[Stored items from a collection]
┌────────
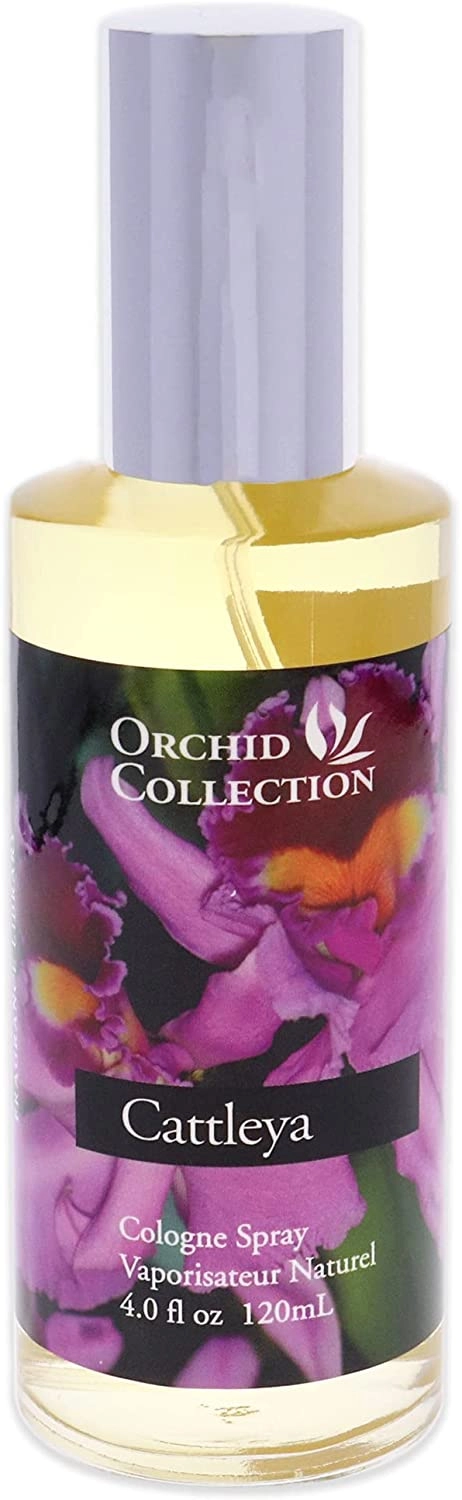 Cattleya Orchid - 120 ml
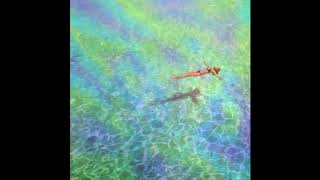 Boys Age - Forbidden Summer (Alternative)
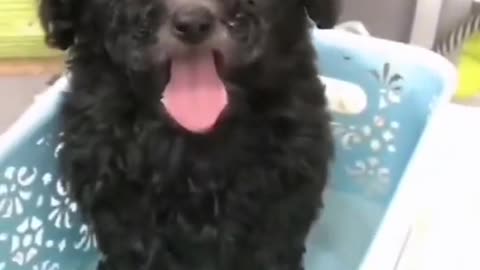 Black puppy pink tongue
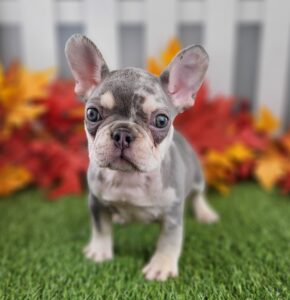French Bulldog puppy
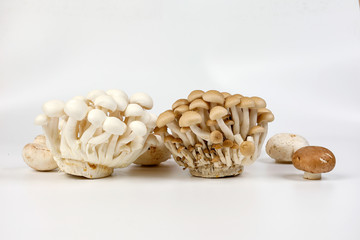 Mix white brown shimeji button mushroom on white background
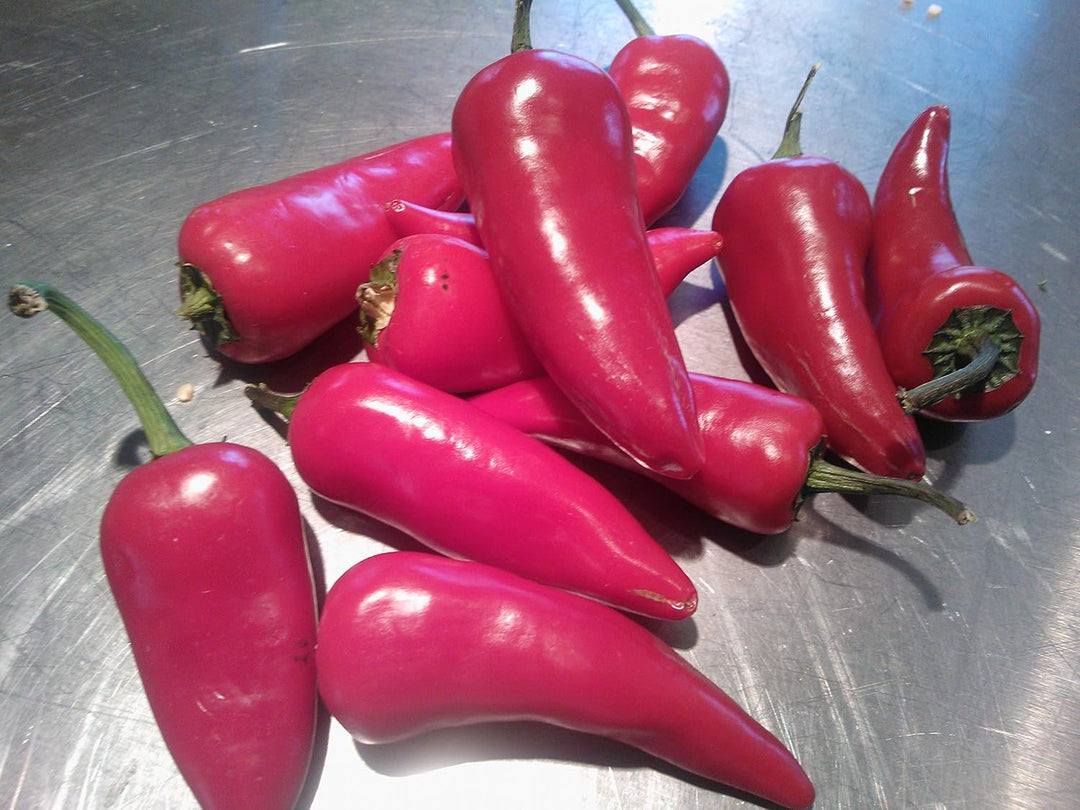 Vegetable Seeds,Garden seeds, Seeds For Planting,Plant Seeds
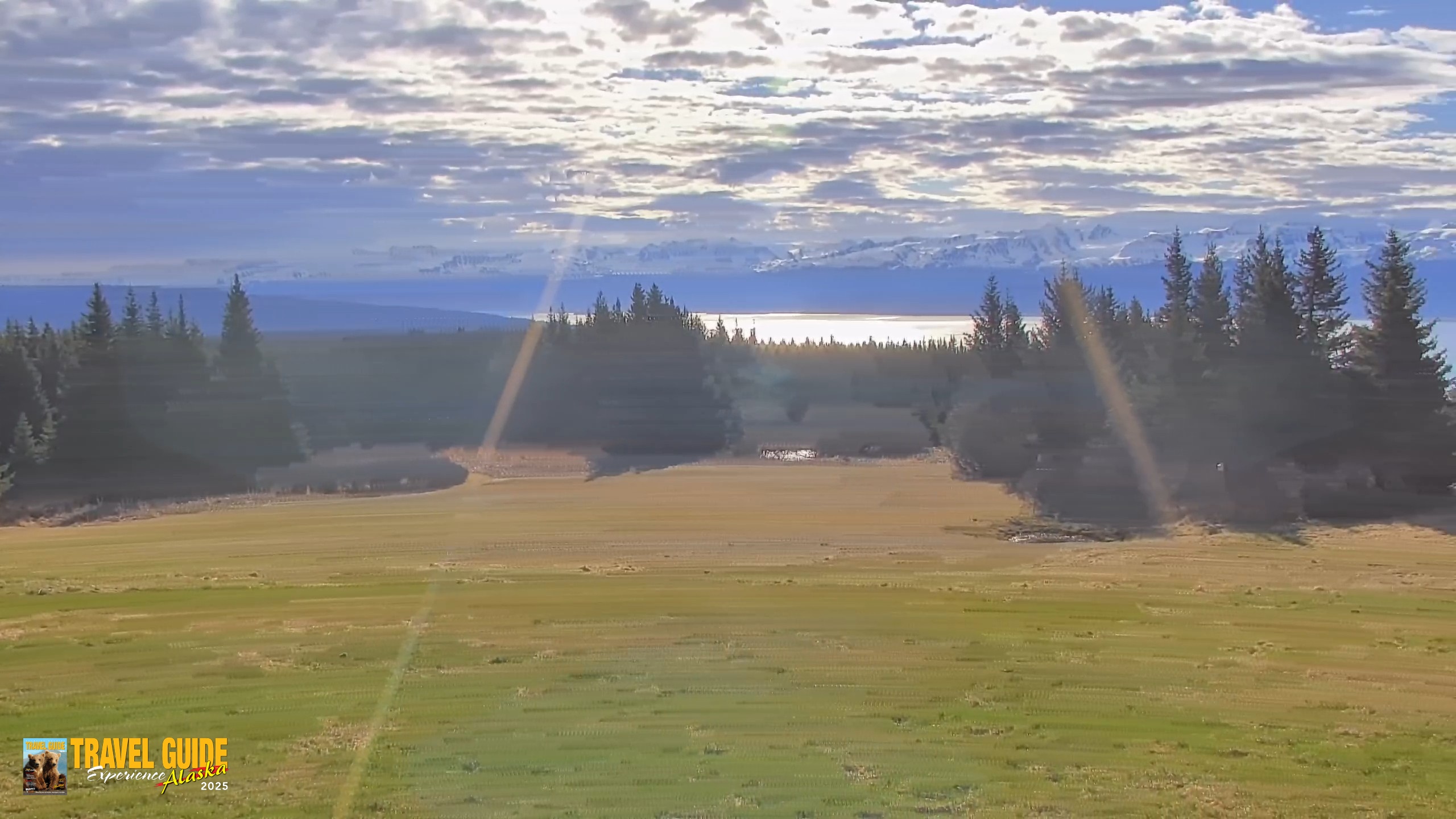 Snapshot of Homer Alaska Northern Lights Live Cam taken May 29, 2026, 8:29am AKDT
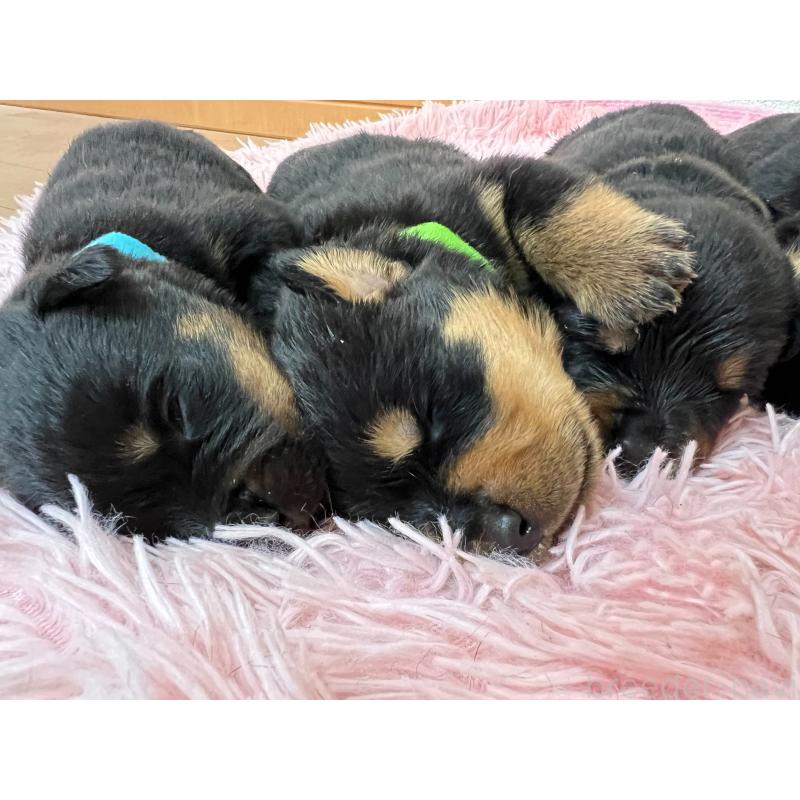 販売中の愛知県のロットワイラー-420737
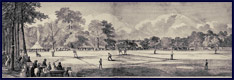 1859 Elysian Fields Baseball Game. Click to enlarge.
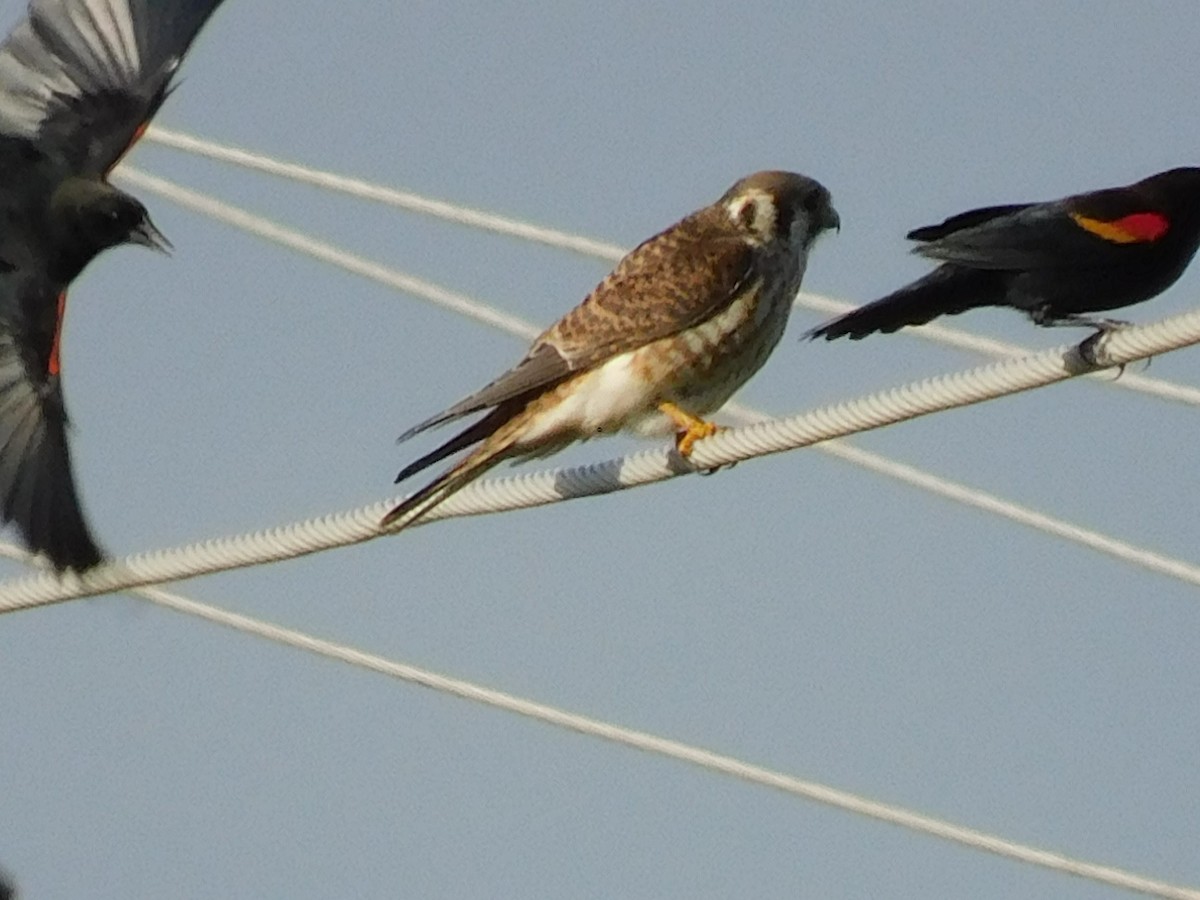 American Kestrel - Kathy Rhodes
└────────
* _Task goal_
Only the lines from the one that holds "Boys Age - Forbidden Summer (Alternative)" through the end of the records above should be printed again, exactly as they are. Leave out the pictures.

* _Written answer_
 Boys Age - Forbidden Summer (Alternative)
 Black puppy pink tongue
French Bulldog puppy
 Mix white brown shimeji button mushroom on white background
 Vegetable Seeds,Garden seeds, Seeds For Planting,Plant Seeds
 Snapshot of Homer Alaska Northern Lights Live Cam taken May 29, 2026, 8:29am AKDT
 販売中の愛知県のロットワイラー-420737
 1859 Elysian Fields Baseball Game. Click to enlarge.
 American Kestrel - Kathy Rhodes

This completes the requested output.